## The task
Below are the records; print exactly the lines from the one with "News_Campus-Gespraeche_Harald-Wehnes_Universitaet-Liechtenstein" through the last, both included, and leave the pictures out.

## Extracted entries
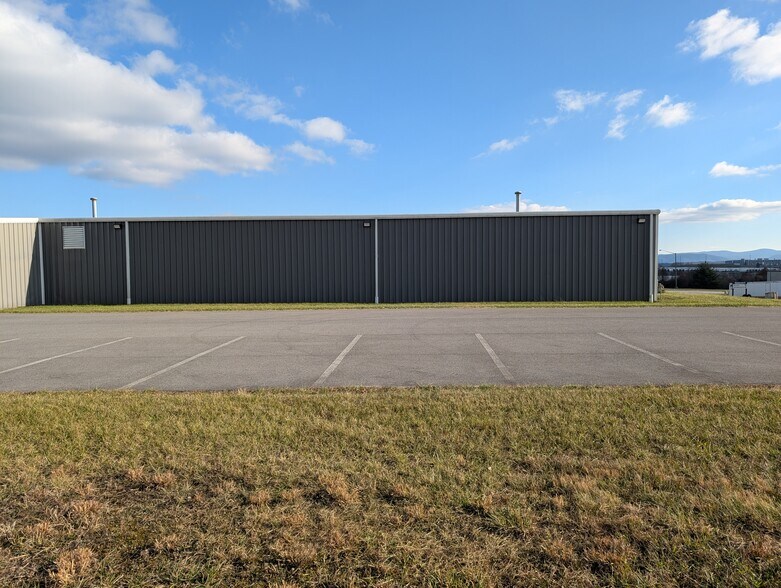 More Photos Of 4089 Pepperell Way, Dublin Manufacturing For Lease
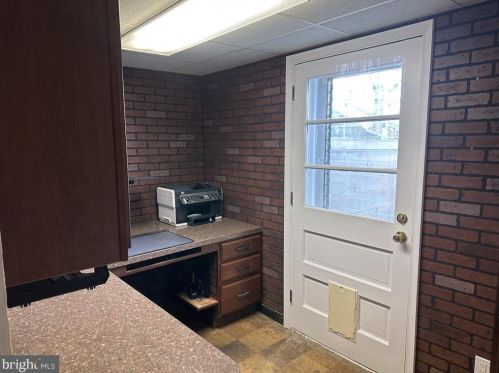 7 Hollywood Dr, Harrisburg PA  17109-5563 exterior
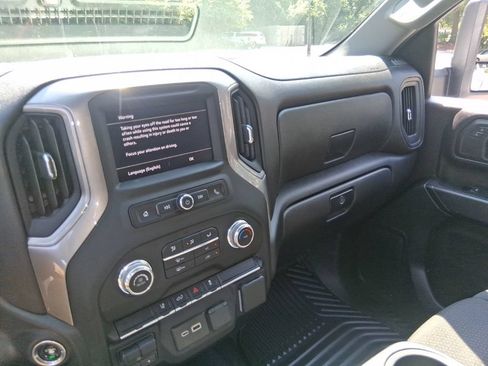 Used 2024 GMC Sierra 2500 Pro w/ Convenience Package AWD/4WD image 15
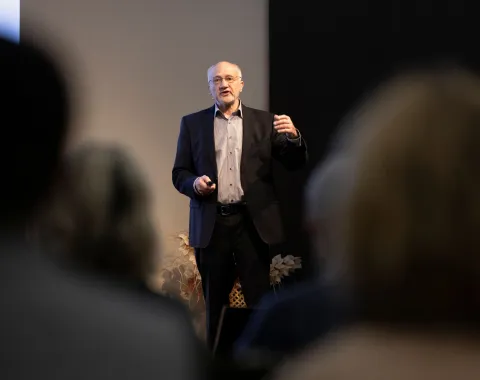 News_Campus-Gespraeche_Harald-Wehnes_Universitaet-Liechtenstein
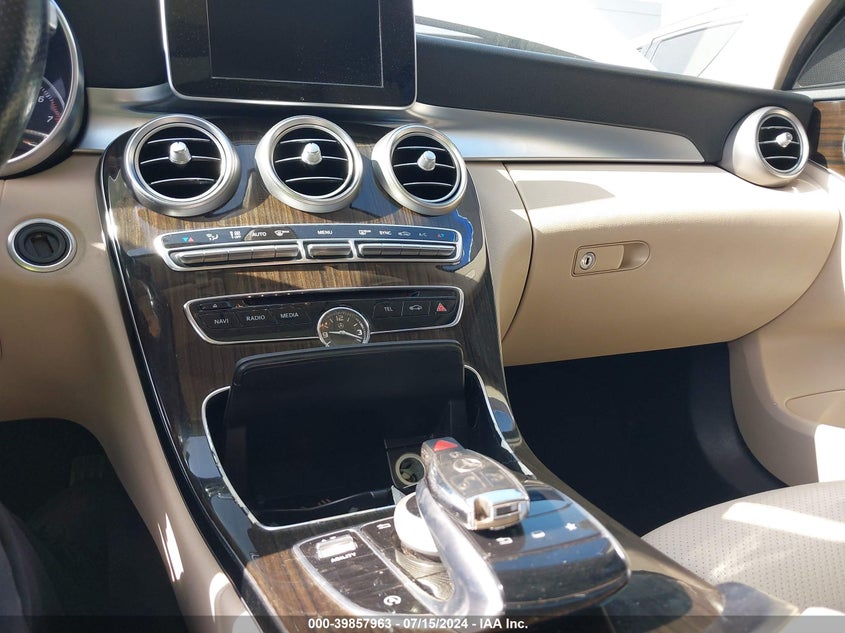 2015 Mercedes-Benz C 300 Luxury/Sport VIN: 55SWF4JBXFU075457 Lot: 39857963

## Response to this exercise
 News_Campus-Gespraeche_Harald-Wehnes_Universitaet-Liechtenstein
 2015 Mercedes-Benz C 300 Luxury/Sport VIN: 55SWF4JBXFU075457 Lot: 39857963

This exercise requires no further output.